Nur mit wenigen Spielern aus der Anfangszeit besteht noch loser Kontakt. „Im Jahr 2007 habe ich mal Norbert Mundo, einen der Aufstiegshelden von 1987, am Flughafen in Las Vegas getroffen“, erinnert sich Ralf Scherlinzky an eine der seltenen Zufallsbegegnungen. Der 49-Jährige blieb noch einige Jahre Pressesprecher des 1986 gegründeten HEC, ehe er sich mit dem früheren Manager Ernst Rupp überwarf. Später übernahm er die Berichterstattung über die Eisbären Heilbronn. Bei Spielen der Heilbronner Falken waren beide seit Jahren nicht mehr.

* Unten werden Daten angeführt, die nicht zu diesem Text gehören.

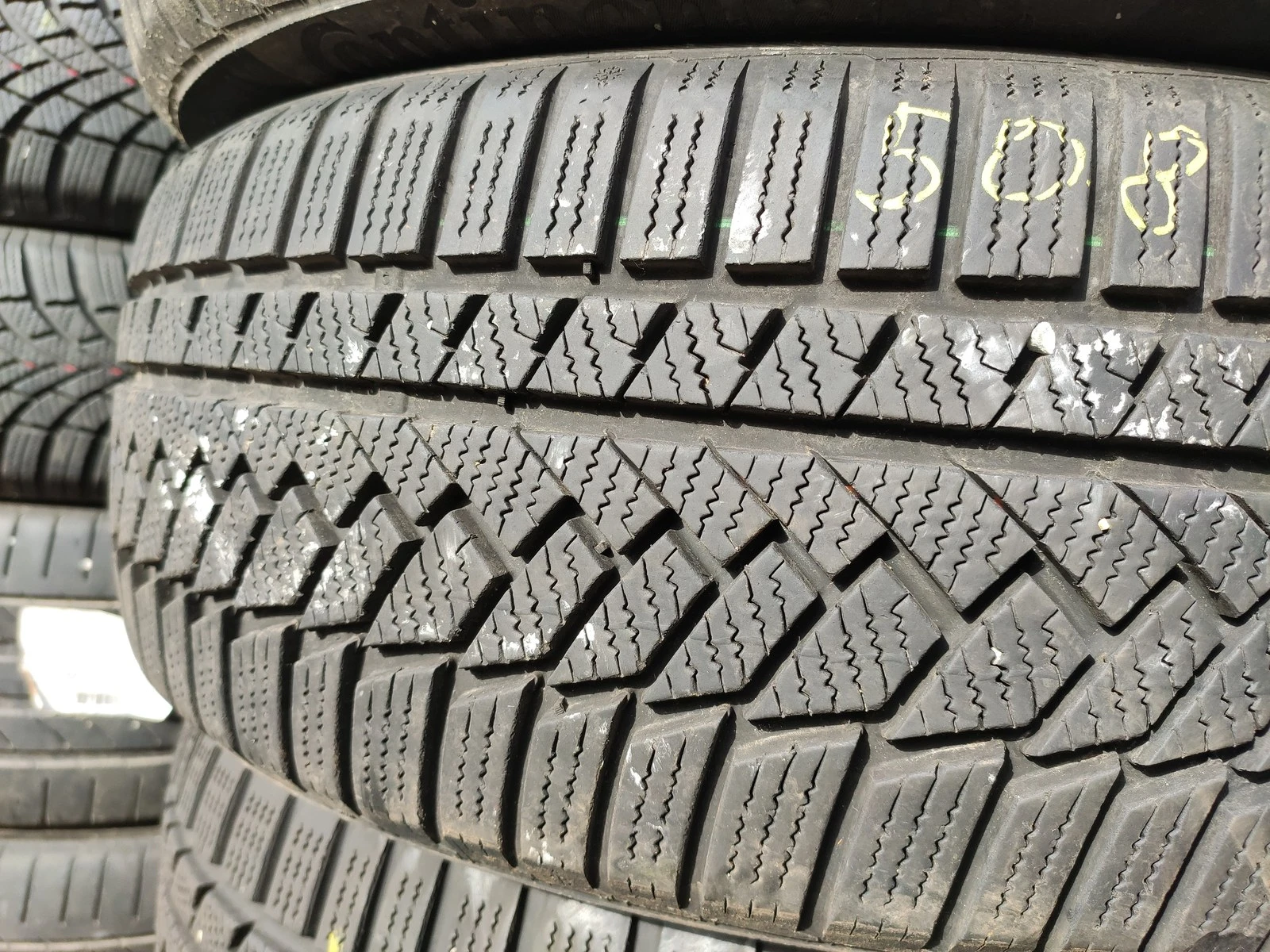 Гуми Зимни 215/50R19, снимка 2 - Гуми и джанти - 56725158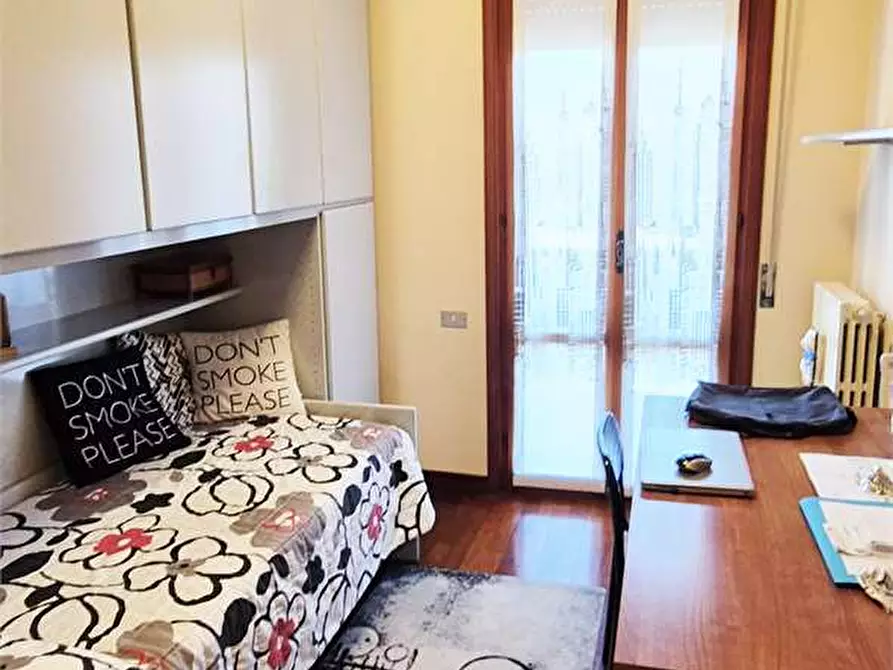 Immagine 21 di Villetta a schiera in vendita  a Prato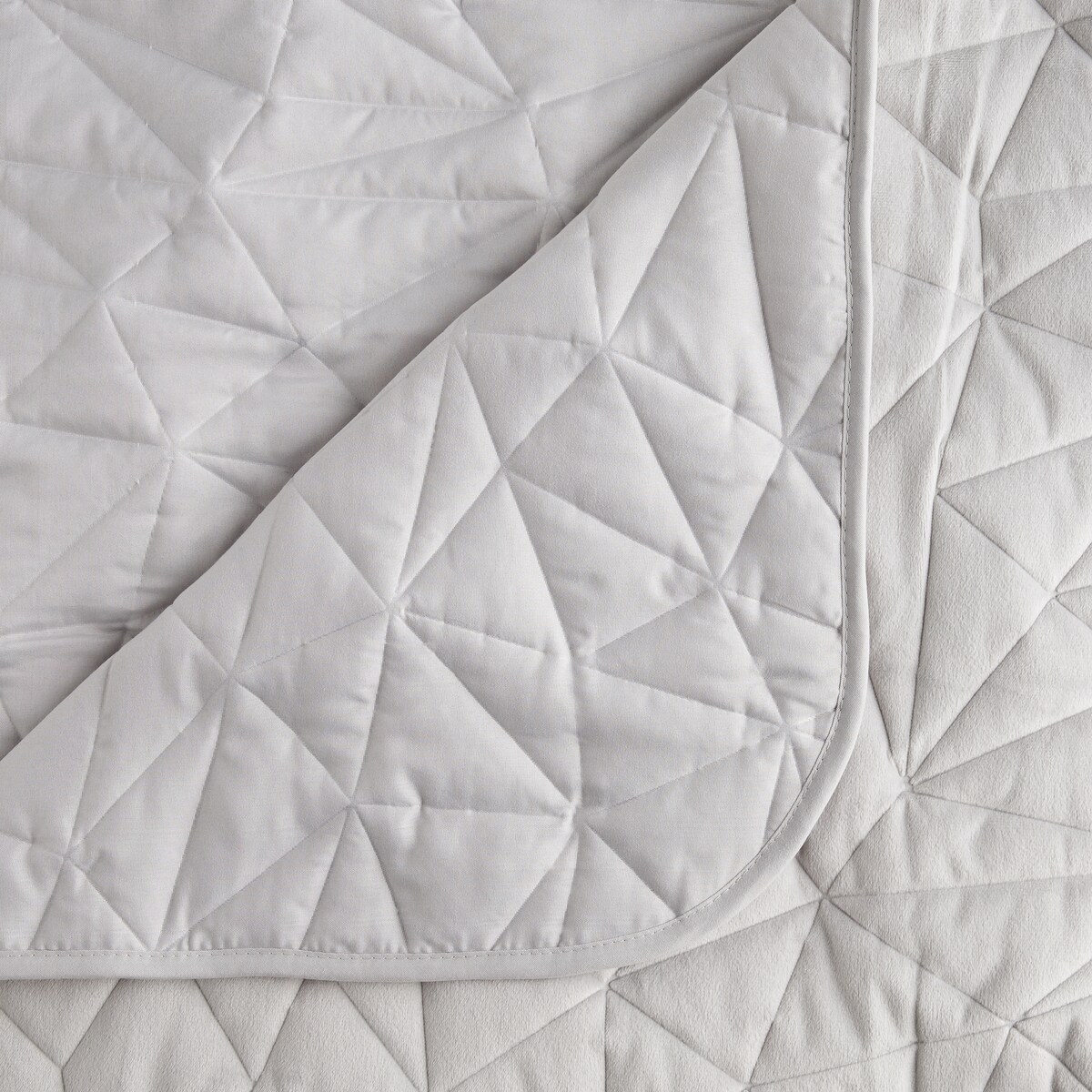 Narzuta Trianga 200x220 cm z motywem geometrycznym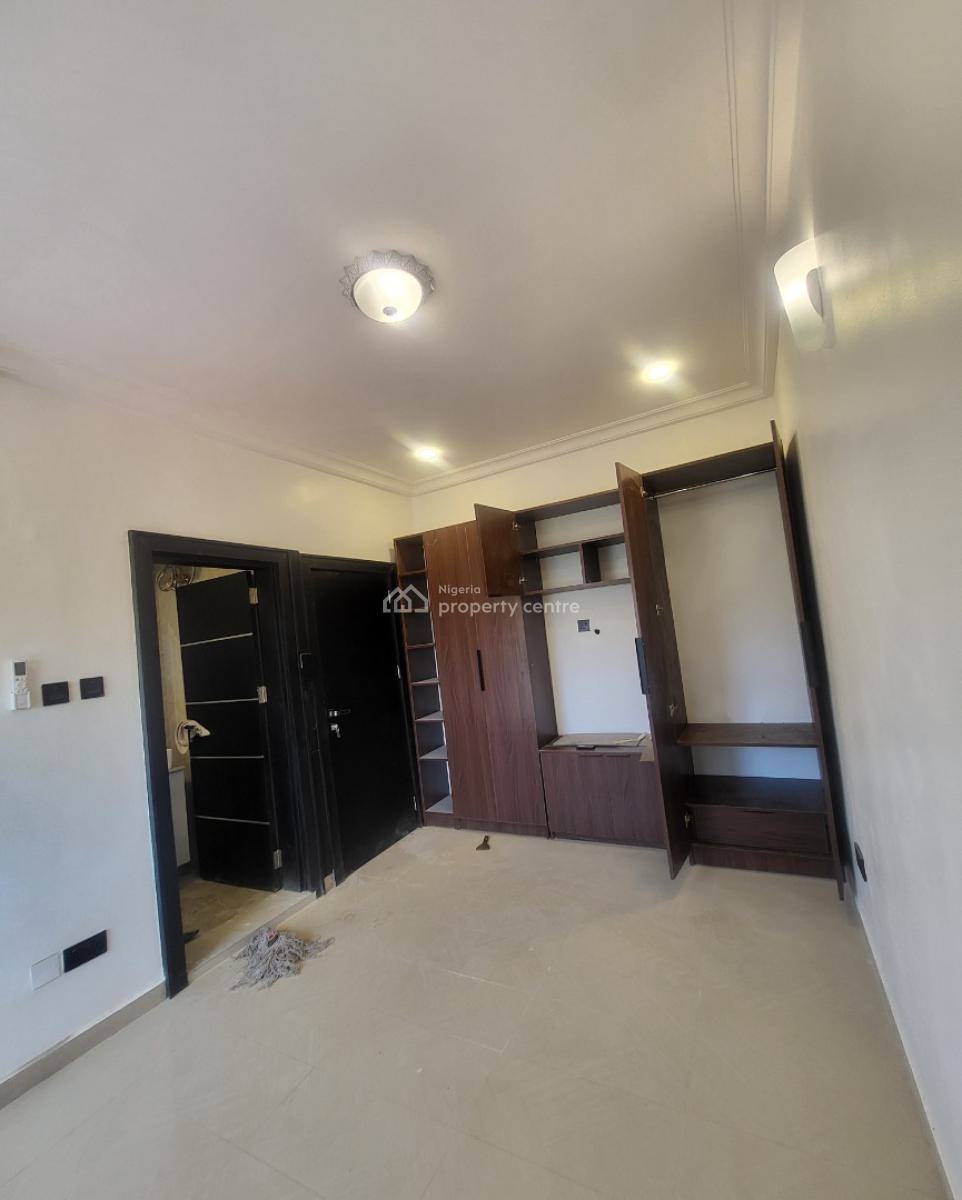 Luxurious Massive 3bedroom Terrace Duplex with Bq, By Minting and Printing, Area 2, Garki, Abuja, Terraced Duplex for Rent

Das entscheidende Aufstiegsspiel: Unterländer Emporkömmlinge bezwingen Traditionsclub

Es war 22.55 Uhr am 5. April 1987 als ein gellender Jubelschrei aus 2500 Kehlen die Heilbronner Eishalle endgültig in ein Tollhaus verwandelte. Goalie Jürgen John hat soeben den letzten Penalty von Sonthofens Rick Gal pariert, es gibt kein Halten mehr. „Die Heilbronner Spieler stürzen sich auf ihren Keeper, erdrücken den Matchwinner fast", schreibt die Heilbronner Stimme am 7. April. Mit 4:7 hatte der HEC das Hinspiel in Sonthofen verloren, 5:2 steht es im Rückspiel nach regulärer Spielzeit und zwei zehnminütigen Verlängerungen. Das Penaltyschießen muss entscheiden, wer in die 2. Bundesliga aufsteigt, der bayerische Traditionsverein, oder die Emporkömmlinge aus dem Unterland. Von den zehn Schützen trifft nur der Heilbronner James Münch. Sein goldener Schuss geht durch die Beine von ERC-Goalie Joachim Appel. „Der Torwart kam heraus, stoppte und bewegte sich wieder zurück. Das habe ich erkannt und voll abgezogen“, verriet Münch hinterher.